We want to find all files starting with ``lastesPaper_v'', so will accept anything after this initial part of the name. To specify that we just put the wildcard at the end. We also want to start the search at the directory ``/home/bioinfo/tdr2006/researchGroup'', therefore you should issue the command:

      find /home/bioinfo/tdr2006/researchGroup -name ``latestPaper_v*''

As a result you will see the file names with their complete path.

Copying files

 

Task:

Create the directory ``papers'' in your home directory. Copy the files you found in the previous item the new directory you just created. o a directory in your account. account (they should be 2, one in each directory in /home/bioinfo/tdr2006/researchGroup (find, cp, cd)

Comments:

When copying files, we can also use wildcards.

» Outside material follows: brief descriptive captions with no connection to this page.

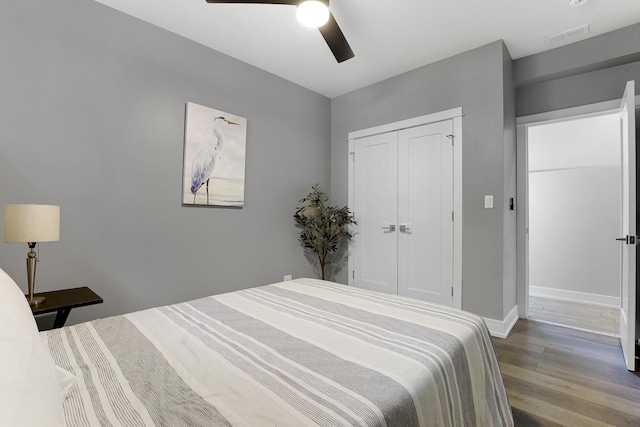 1538 W 21st St Unit 1, Chicago, IL 60608 - bedroom with wood finished floors, ceiling fan, and a closet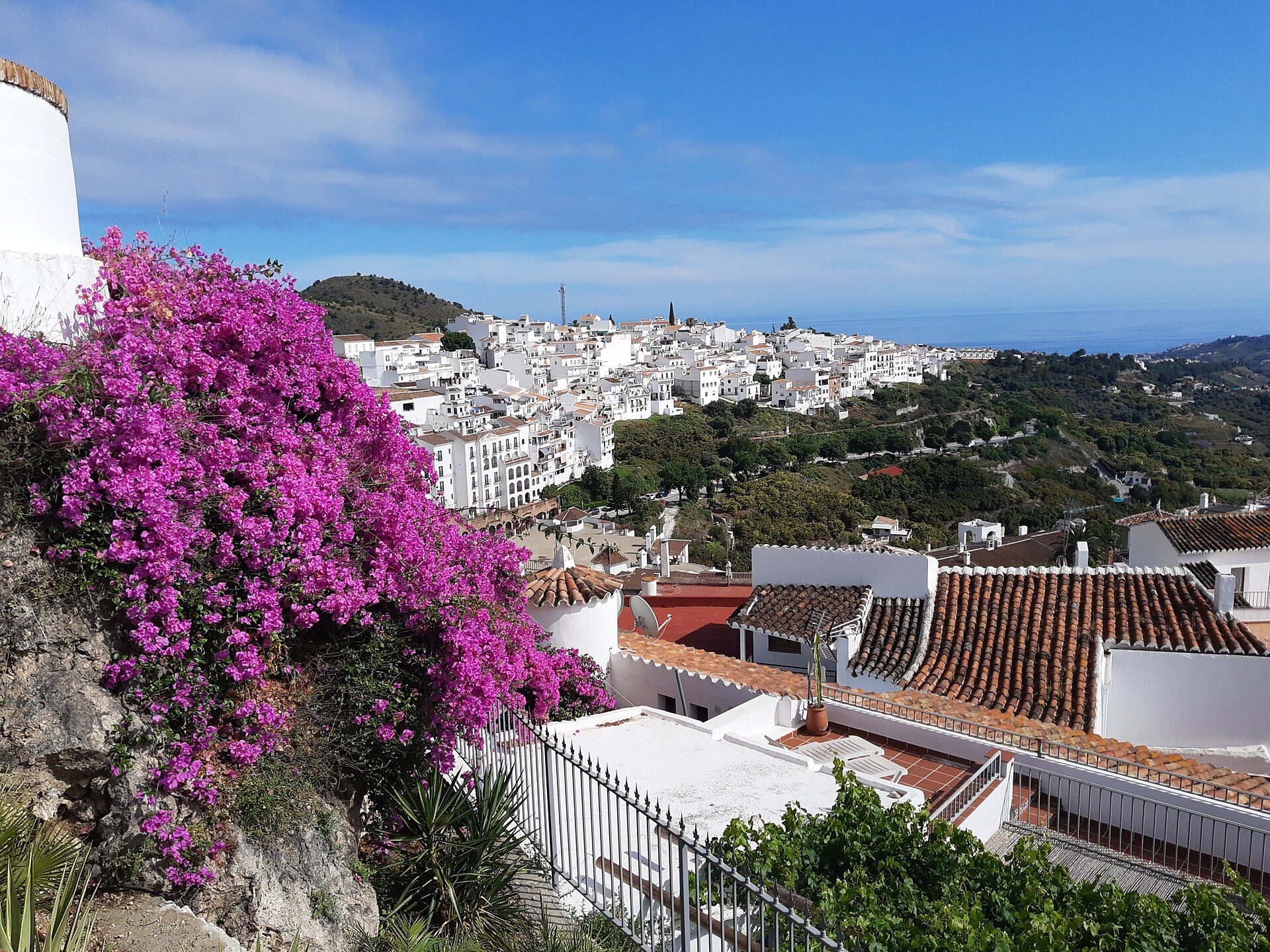 Frigiliana, pueblo blanco con buganvillas y vistas al valle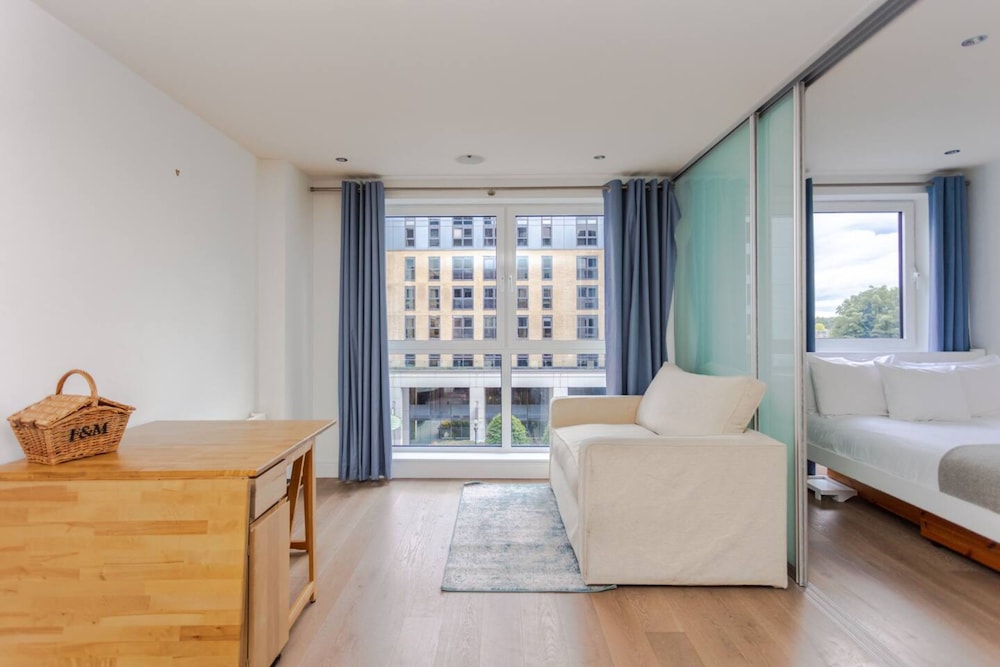 Cosy 1 Bedroom Apartment In South West London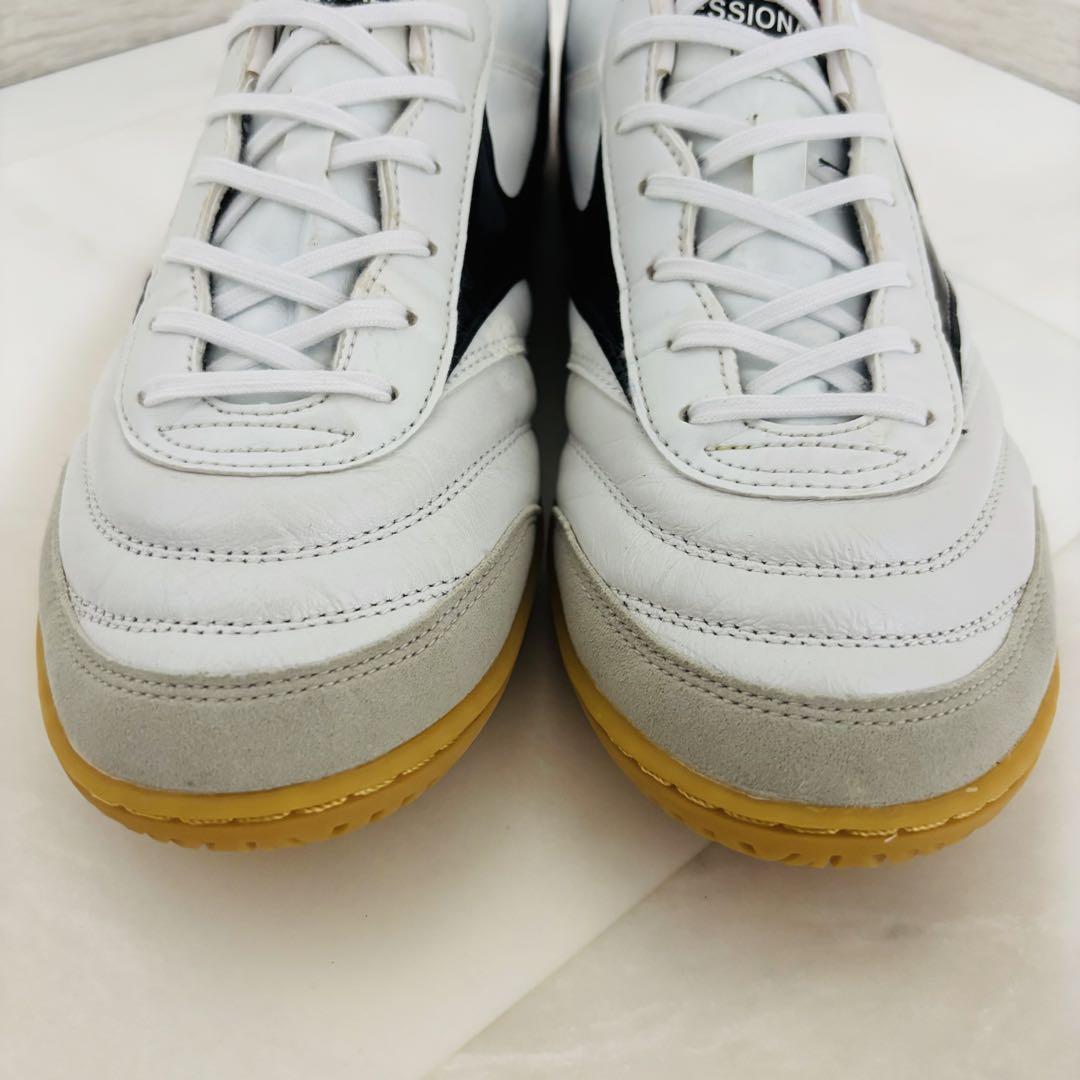 【美品】MIZUNO ミズノ MORELIAモレリア IN インドア 28cm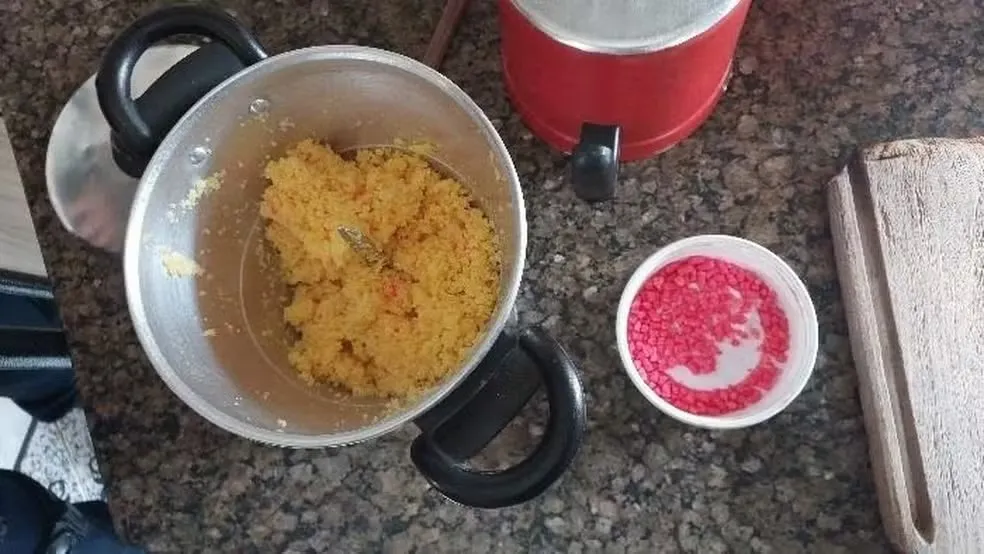 Filha é presa após tentar matar mãe com cuscuz envenenado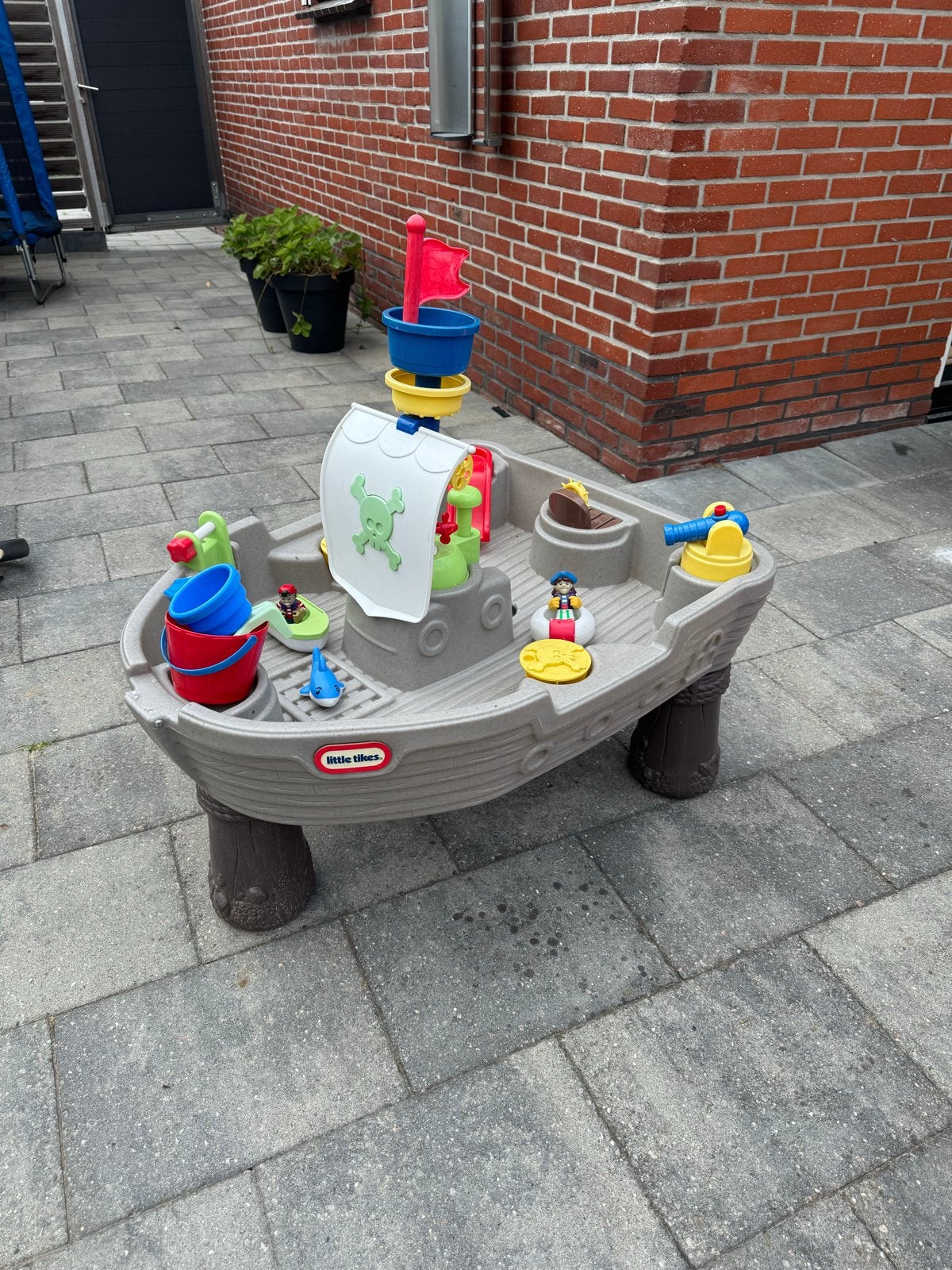 Little Tikes Waterbaan Piraat - Urenlang Speelplezier!, Kinderen en Baby's, Speelgoed | Buiten | Los speelgoed, Ophalen, Gebruikt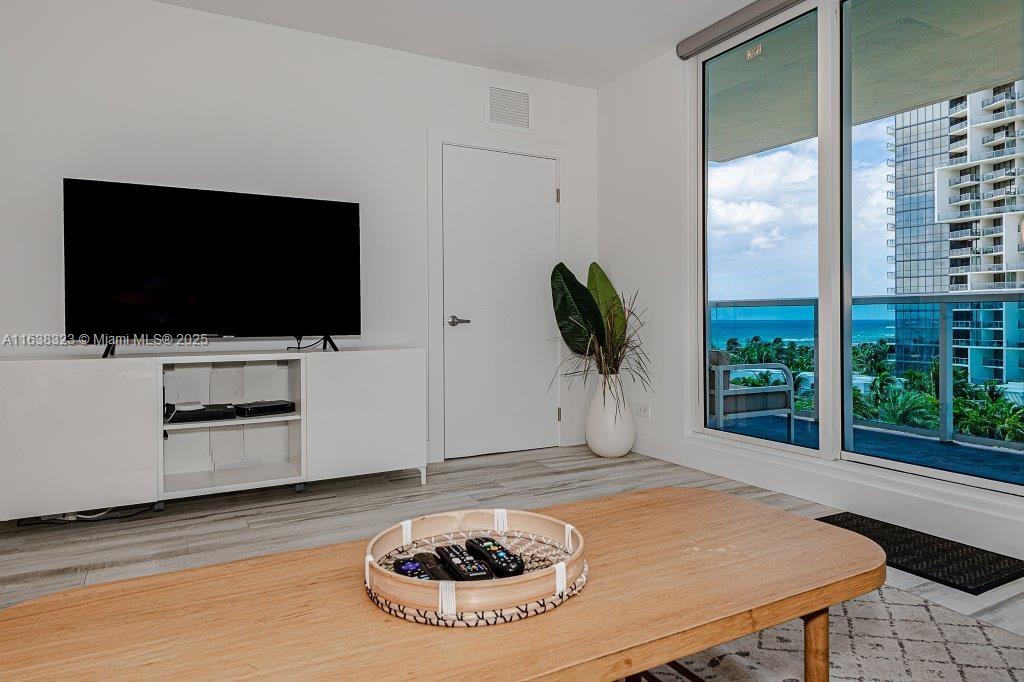 2301 Collins Ave # 604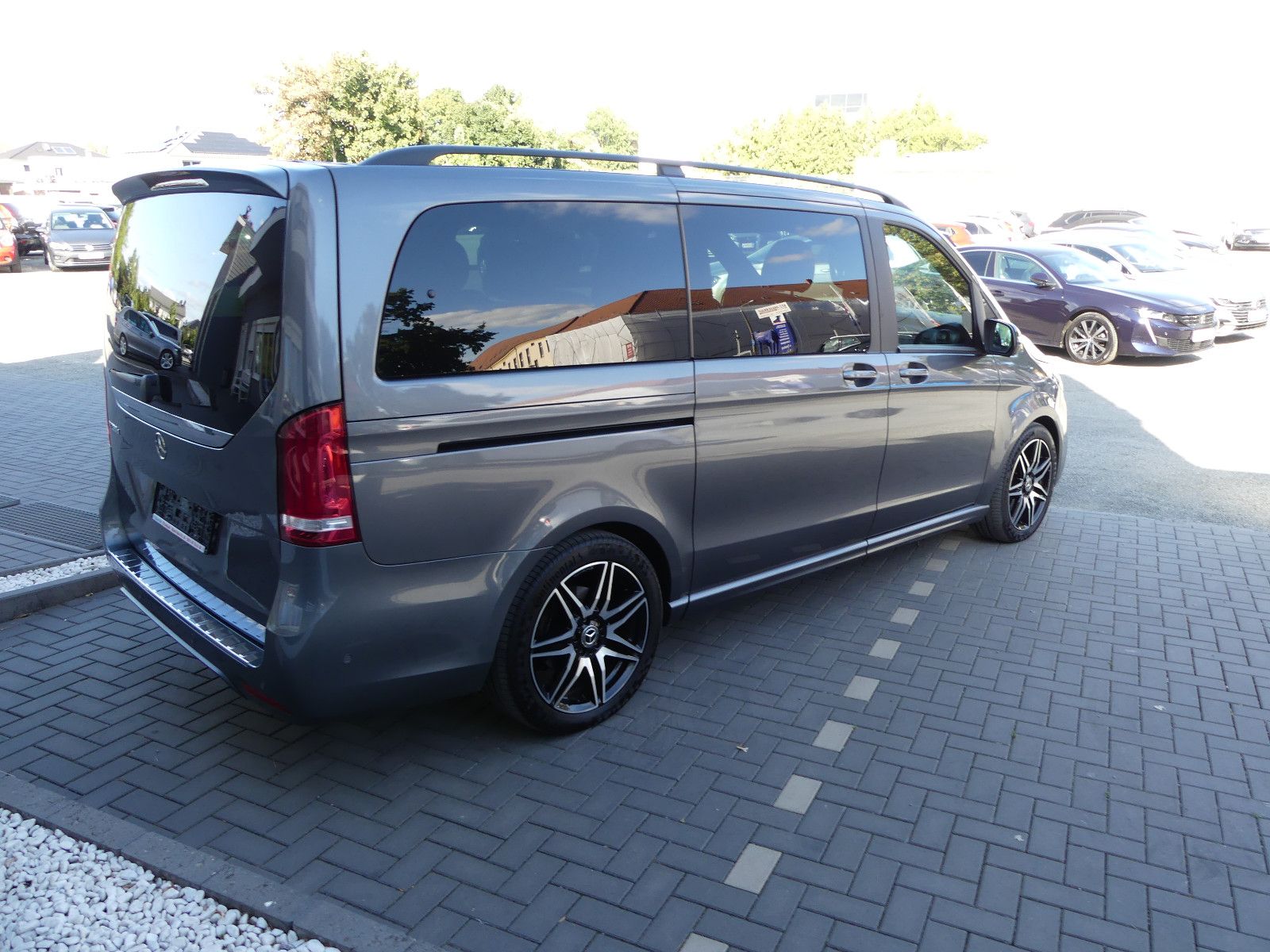 Fahrzeugabbildung Mercedes-Benz V 250 "SCHECKHEFTGEPF."AMG-LINE"7.SITZER"
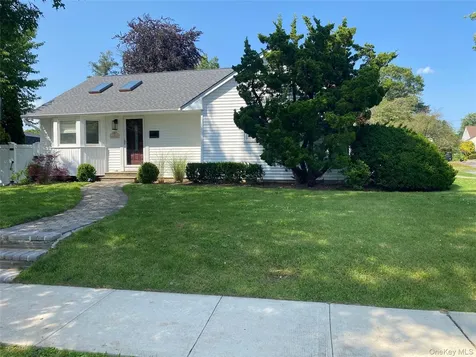 5 Cheshire Avenue Syosset NY 11791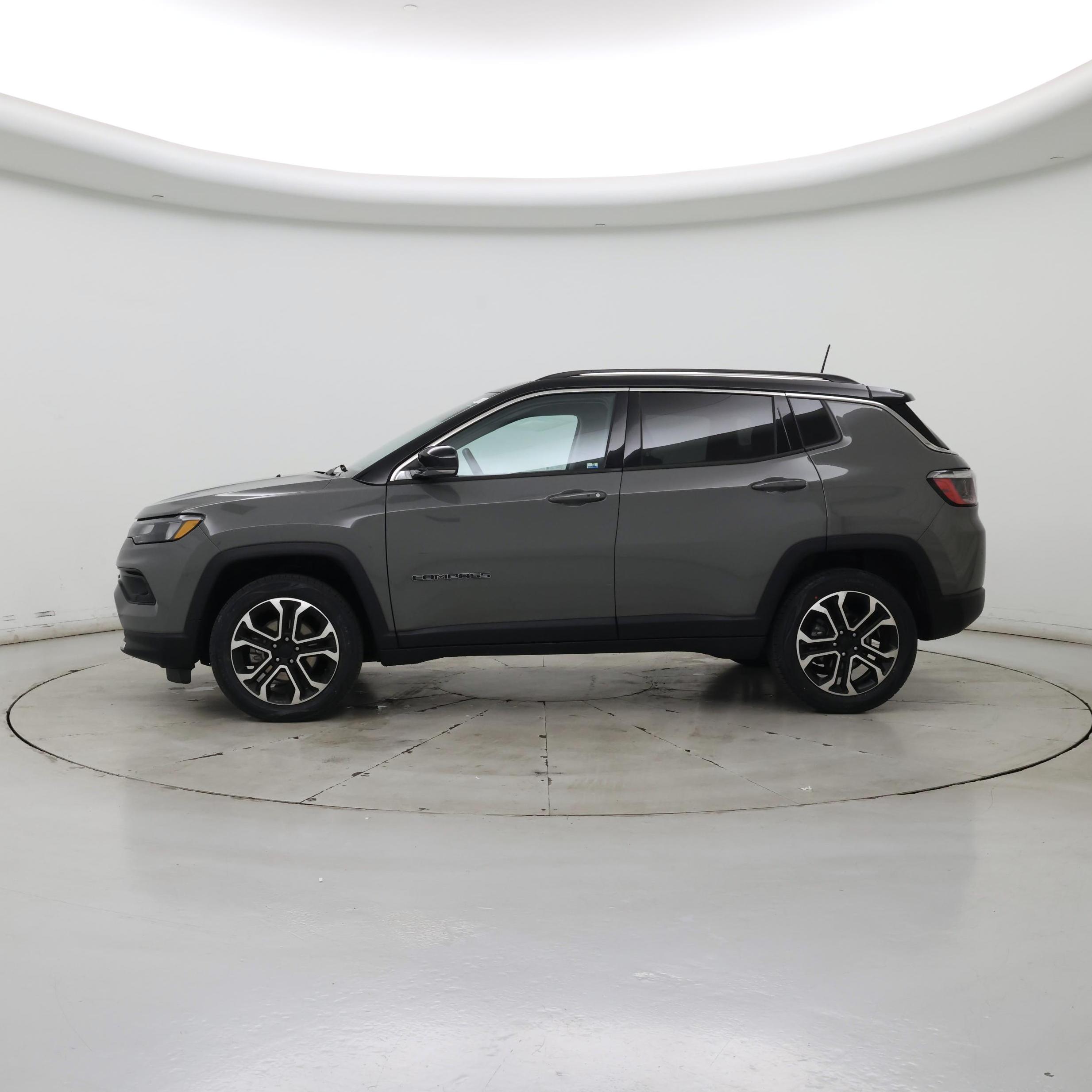 Thumbnail: 2022 Jeep Compass - 3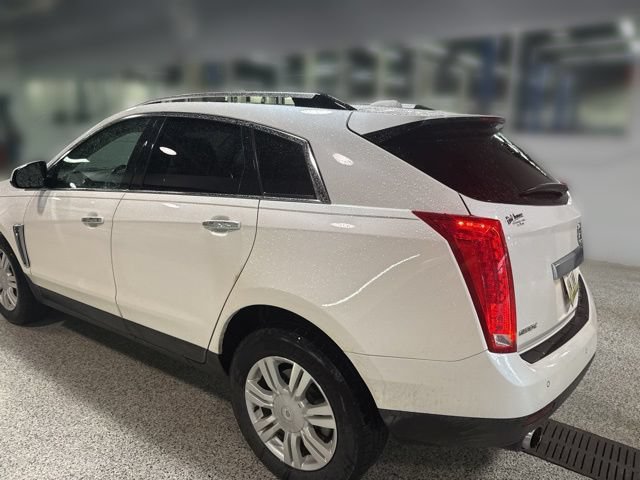 Used 2016 Cadillac SRX Luxury w/ Driver Awareness Package FWD image 4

It is important to remember that, if we use wildcards, are probably specifying more than one file to be copied, so the destinatino have to be a directory.

Issuing the commands:

First we need to create the new directory. We will first go to the home directory by using the command cd with no argument, and then by using mkdir to create the new directory:

       cd
       mkdir papers

Now, here were two files found in the previous item: ``/home/bioinfo/tdr2006/researchGroup/dir1/latestPaper_v1.txt'' and ``/home/bioinfo/tdr2006researchGroup/dir2/latestPaper_v3.txt''. There are many ways in which we can perform the copy, depending if we use relative paths or absolute paths and on our use of wilcards. We will show three.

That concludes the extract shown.